Adidas terminated agreements with 13 suppliers last year for non-compliance, according to the sportswear company’s 2014 sustainability report.
All the cancelled agreements were with suppliers in Asia. The number is slightly up on last year, when the company ended agreements with nine suppliers.
In the report, the company said it worked closely with suppliers to help them improve their performance. But in situations of severe or repeated non-compliance, it had ended its business relationships.
The company's global sourcing team, which works to pre-screen potential new suppliers, assessed 226 factories last year, rejecting 104. Some are rejected on a first visit, others, that have serious but correctable non-compliance issues, got three months to fix problems before being re-audited. The final rejection rate in 2014 was 10 per cent, the company, said.
The report said: “The remediation of factory issues is beneficial for workers; it raises the bar in terms of better and more timely pay, improved benefits, reduced hours and the legal protection of formal employment contracts, as well as significant improvements in basic health and safety within the workplace.”
Adidas also issued 65 warning letters to suppliers in 13 countries about ongoing serious non-compliance issues. Most were in Asia, where 60 per cent of its supplier factories are situated.
The warnings were for issues including poor management commitment, excessive working hours, the non-payment of wages and benefits, poor electrical, fire or chemical safety, poor communication and transparency problems.
In the wake of the Rana Plaza factory collapse in Bangladesh, trade unions, NGOs, the International Labour Organization and international buyers worked together to create the Bangladesh Accord on Fire and Building Safety. By September last year, all Adidas Group supplier factories disclosed to the Accord had been assessed for electrical, fire and building safety.
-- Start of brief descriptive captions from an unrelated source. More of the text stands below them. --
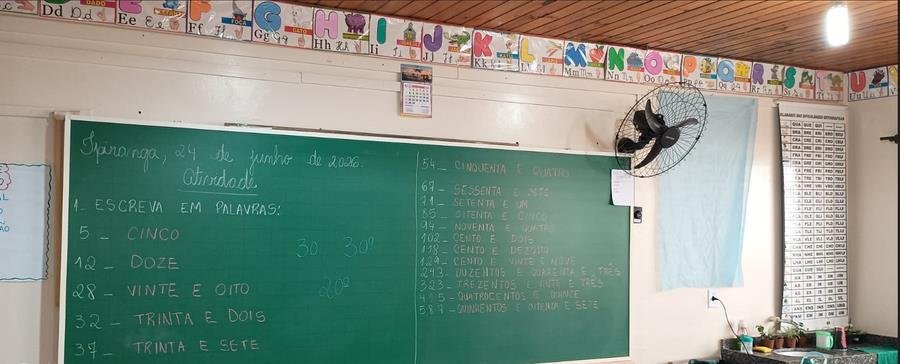 APAE de Ipiranga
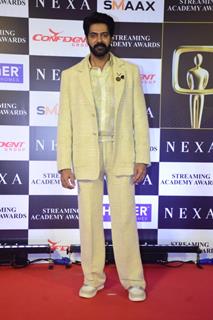  Celebrities grace the NEXA Streaming Academy Awards 2024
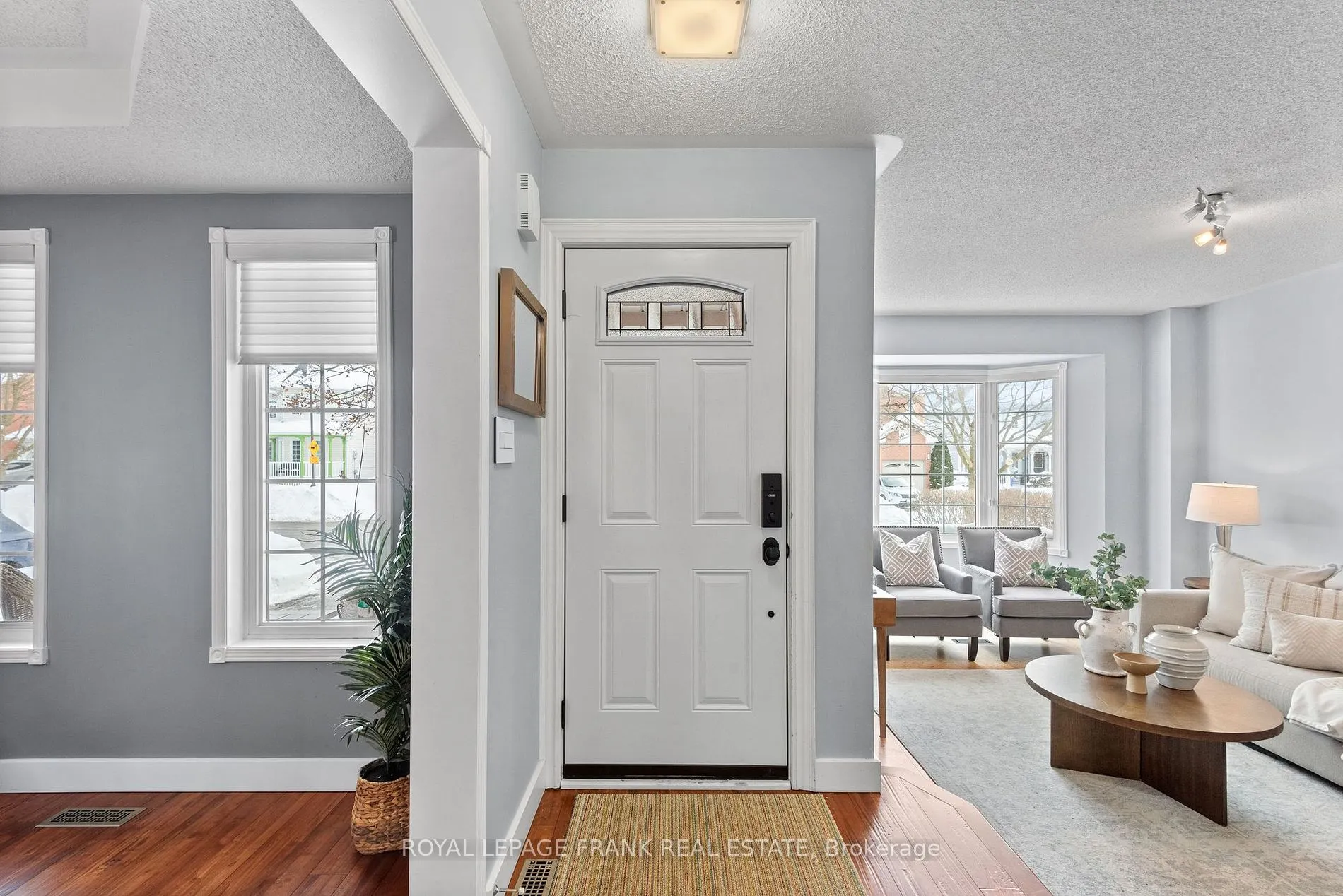 32 Blackfriar Ave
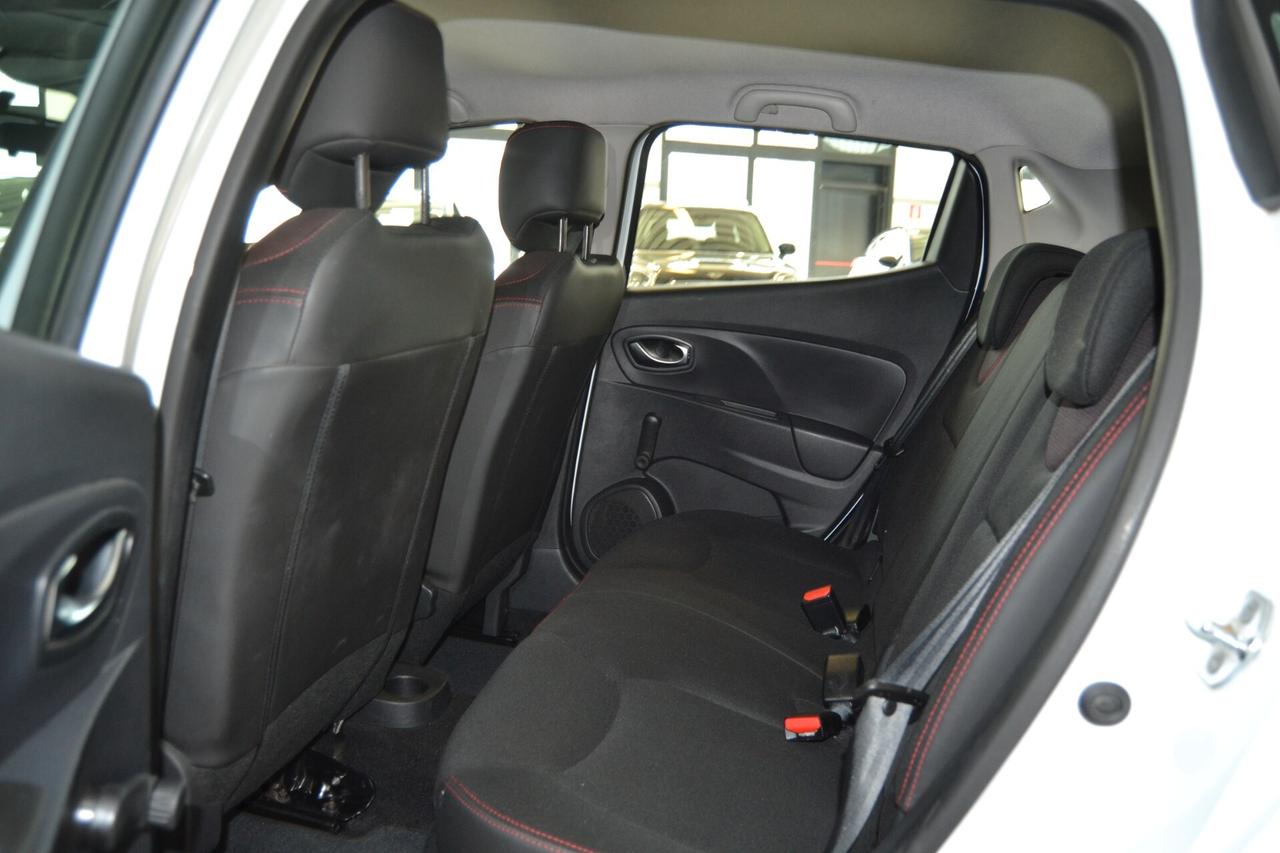 Renault Clio 1.5DCI 75CV Energy 5P/Navi/Cruise/KMDOC
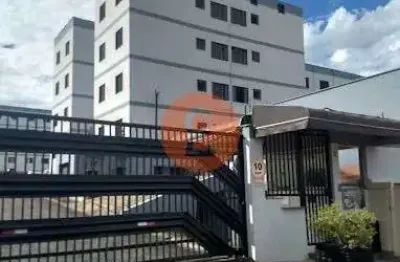 Apartamento à venda edificio parque dos pinheiros - piracicaba - sp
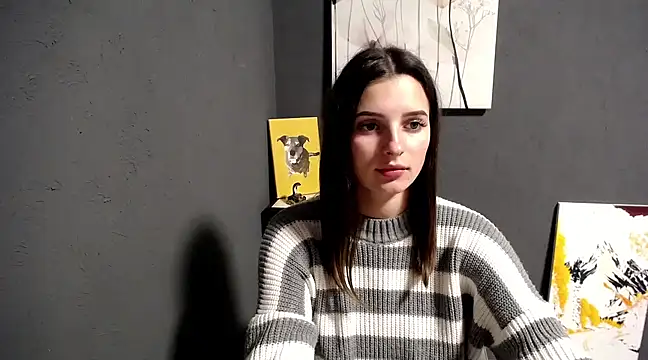 lady olivia  online show from 02/25/25, 06:09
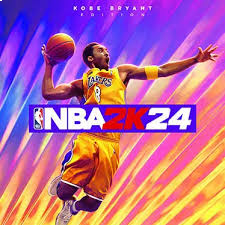 NBA2K24 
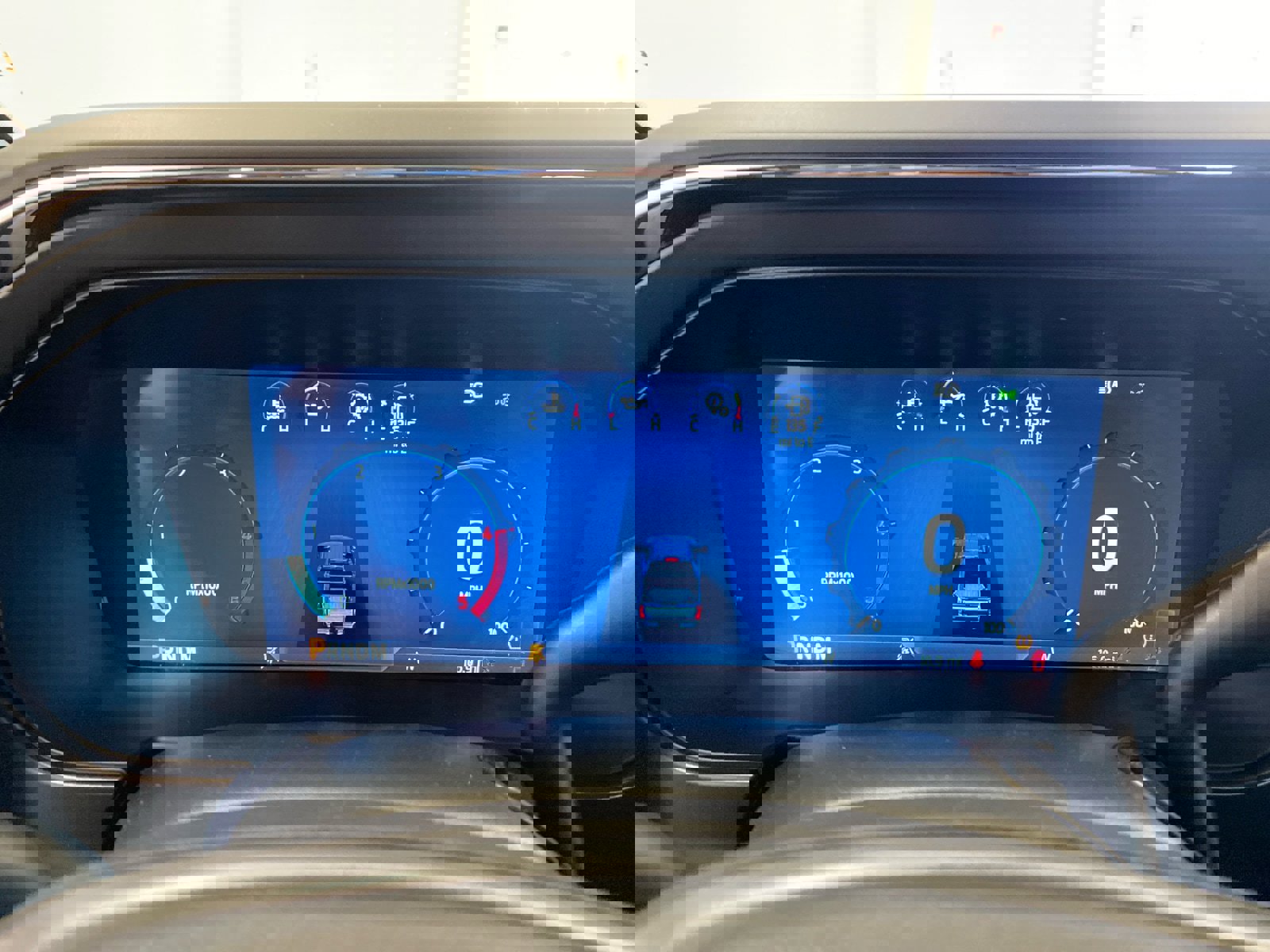 New 2026 Ford F250 Lariat w/ Lariat Ultimate Package image 29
The company has stressed that it never had business relationships with any suppliers operating at the Rana Plaza.
The report also outlined some of the firm's achievements last year, along with its targets for 2015. It said it had fulfilled its goal of improving the lowest performing suppliers and had also already achieved its 2015 aims of having 60 per cent of all direct suppliers, and 80 per cent of strategic suppliers achieving a “good” score or better in audit ratings.
Adidas said it had also enhanced workers’ grievance system by expanding its SMS worker hotline system to nine more factories in Indonesia and 10 more factories in Vietnam.